Misleading descriptors on cigarette packs are forbidden
MEDIA ADVOCACY TO FORBID MISLEADING DESCRIPTORS
Early in the year 2000, Dr. Hatai Chitanondh embarked in another media advocacy commencing by a press interview on the issue concerning the transnational cigarette company’s sale promotion of “mild cigarettes”, luring the people to believe that this group of products were safer than others.
In February 2000, news coverage in this issue appeared in Thai newspapers.
19 February 2000 – Bangkok Business, p.7, headlined, “Proposal to ban the use of “light” cigarette advertising to mislead consumers that it is safer”. Its contents appear as follows:
Dr.Hatai Chitanondh, THPI president, said the World Health Organization recommended governments to enact law to ban the use of the words, “light” “mild”, and “ultra” for cigarette advertising as they may deceive the consumers that such cigarettes are safer.
It was also recommended that stricter quality control of cigarettes be exercised by governments as cigarettes were stated to be the cause of 4 million death of world population per year in the expert group meeting on cigarette control law and regulations held recently in Norway.
Hatai mentioned that based on its research on “easily addicted and difficult to quit” cigarette, the transnational cigarette company had manufactured new products connoting its “light” taste to mislead the consumers that there were less tar and nicotine content. Conventional cigarettes usually contain 12 mg per piece.
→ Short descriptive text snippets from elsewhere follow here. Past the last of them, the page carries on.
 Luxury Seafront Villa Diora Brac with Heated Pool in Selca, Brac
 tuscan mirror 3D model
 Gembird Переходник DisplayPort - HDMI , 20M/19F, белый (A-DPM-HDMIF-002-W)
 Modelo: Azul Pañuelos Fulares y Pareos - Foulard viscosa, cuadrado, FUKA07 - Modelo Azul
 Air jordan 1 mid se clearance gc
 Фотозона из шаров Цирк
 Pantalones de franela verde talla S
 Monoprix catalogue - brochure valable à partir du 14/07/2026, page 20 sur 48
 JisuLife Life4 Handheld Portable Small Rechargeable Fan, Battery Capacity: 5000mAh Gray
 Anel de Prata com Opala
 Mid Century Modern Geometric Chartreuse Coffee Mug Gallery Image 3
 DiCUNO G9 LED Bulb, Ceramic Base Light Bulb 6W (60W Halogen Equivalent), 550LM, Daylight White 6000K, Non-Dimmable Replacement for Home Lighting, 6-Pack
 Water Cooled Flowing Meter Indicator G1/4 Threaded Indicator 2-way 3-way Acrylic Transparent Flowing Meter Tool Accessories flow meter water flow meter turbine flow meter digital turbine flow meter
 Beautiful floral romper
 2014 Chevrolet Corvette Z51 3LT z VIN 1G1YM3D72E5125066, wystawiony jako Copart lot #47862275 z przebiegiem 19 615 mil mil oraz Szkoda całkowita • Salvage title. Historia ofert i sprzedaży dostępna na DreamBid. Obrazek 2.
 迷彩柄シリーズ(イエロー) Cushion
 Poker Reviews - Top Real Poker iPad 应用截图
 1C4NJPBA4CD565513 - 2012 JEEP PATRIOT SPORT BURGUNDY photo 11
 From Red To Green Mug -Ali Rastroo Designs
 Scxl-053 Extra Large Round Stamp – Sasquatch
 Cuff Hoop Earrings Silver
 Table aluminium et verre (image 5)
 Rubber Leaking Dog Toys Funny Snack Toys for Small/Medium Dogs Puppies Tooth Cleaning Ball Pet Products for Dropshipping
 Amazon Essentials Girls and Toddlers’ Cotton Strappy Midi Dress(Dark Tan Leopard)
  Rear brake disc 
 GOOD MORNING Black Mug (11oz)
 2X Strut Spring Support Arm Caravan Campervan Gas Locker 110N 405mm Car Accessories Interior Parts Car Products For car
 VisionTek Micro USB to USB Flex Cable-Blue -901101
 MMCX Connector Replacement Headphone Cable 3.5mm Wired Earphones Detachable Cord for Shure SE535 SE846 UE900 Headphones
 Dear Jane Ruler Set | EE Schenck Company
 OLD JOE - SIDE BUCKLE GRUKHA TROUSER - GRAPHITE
The cigarette company held that its “light” product had 1% less tar content and had it printed on the packet. This information was based upon the result of the machine test which was essentially different from actual smoking. When the air passed through the filter in the case of machine smoking it will result in lower tar and nicotine contents. In the case of actual smoking, the smoker usually press the fingers upon the filter or make it wet to avoid air intake thus tar and nicotine levels they get will be similar to those of standard cigarettes.